- Born: December 22, 1930 Ahnapee, Wisconsin, U.S.
- Died: February 5, 2007 (aged 76)
- Genres: Bluegrass music
- Occupation: Musician

= Bill Jorgenson =

American singer-songwriter (1930–2007)

Bill Jorgenson (December 22, 1930 - February 5, 2007) was an American bluegrass musician. He was born in Ahnapee, Wisconsin, and grew up in nearby Door County, Wisconsin USA. He was primarily noted for being the Father of Wisconsin Bluegrass, a title given to him by Bill Monroe.
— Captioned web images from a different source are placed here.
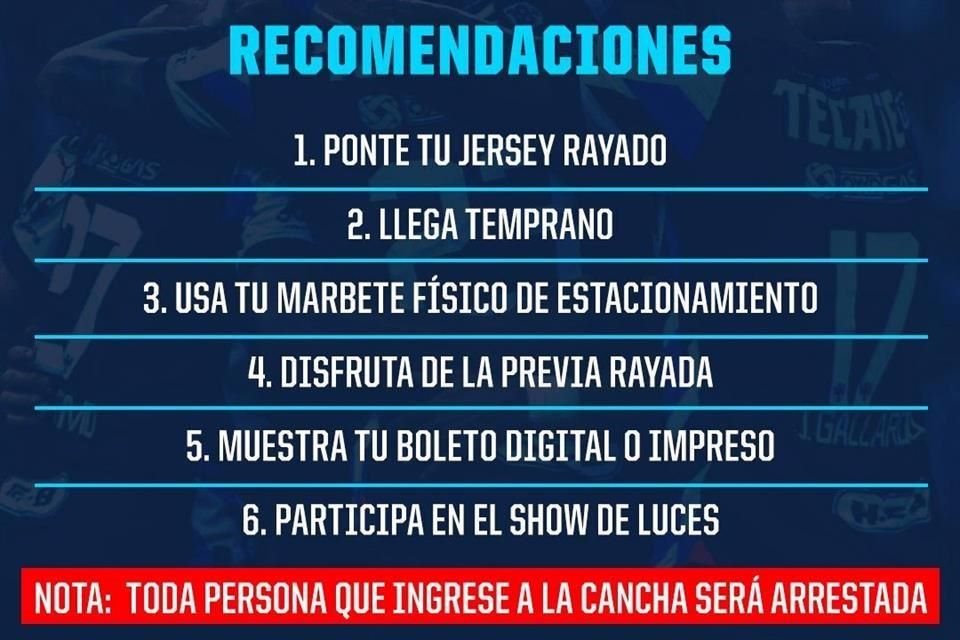 Éstas son las recomendaciones que lanzó el club a través de redes sociales.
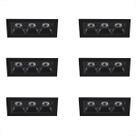 6 Micro Spot Triplo Embutido Downlight Pontual Preto Bet58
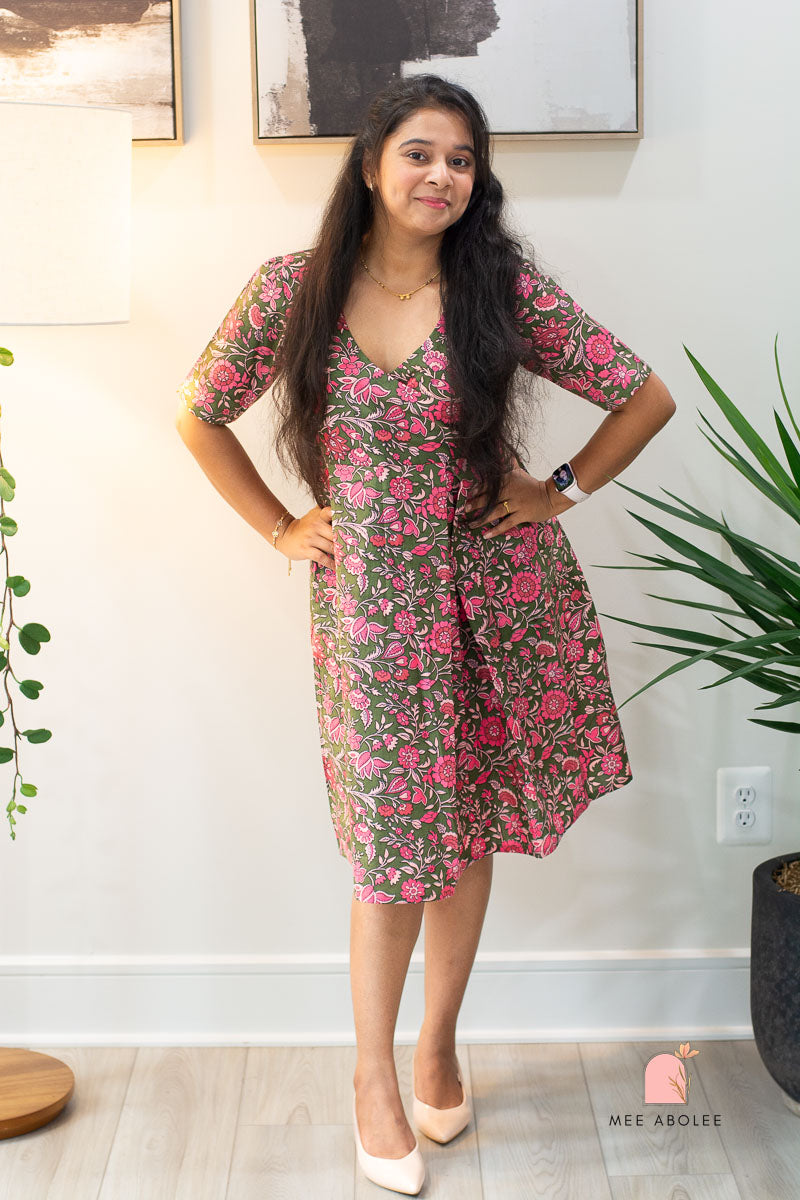 Raashi Semi-Casual Midi Dress in Deep Olive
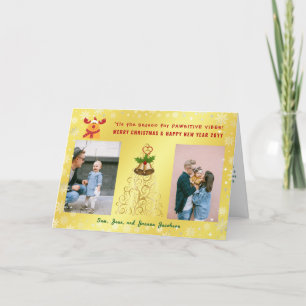 Cartes Pour Fêtes Annuelles Funny Pawsitive Rudolph 2 Photos Lettre or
Jorgenson began playing the guitar after listening to the WLS National Barn Dance on the radio. He switched from traditional country music to bluegrass while in basic training in the United States Army. After he returned to Door County, he began performing in Milwaukee. He was once the opening act for Johnny Cash and June Carter Cash at the Milwaukee Auditorium, and briefly had his own local television show.

He launched the Glenmore Opera House, and started the Heritage Farm Bluegrass Festival. He regularly performed free performances at elementary schools in northeast Wisconsin. Jorgenson performed for 65 years. In 1998 he was inducted to America's Old-Time Country Music Hall Of Fame. Late in his career he began releasing his music on CDs. In 2001 he released the CDs Amberlee, The Father of Wisconsin Bluegrass, and Bluegrass in the Northwoods.

He died on February 5, 2007, days after suffering a massive stroke.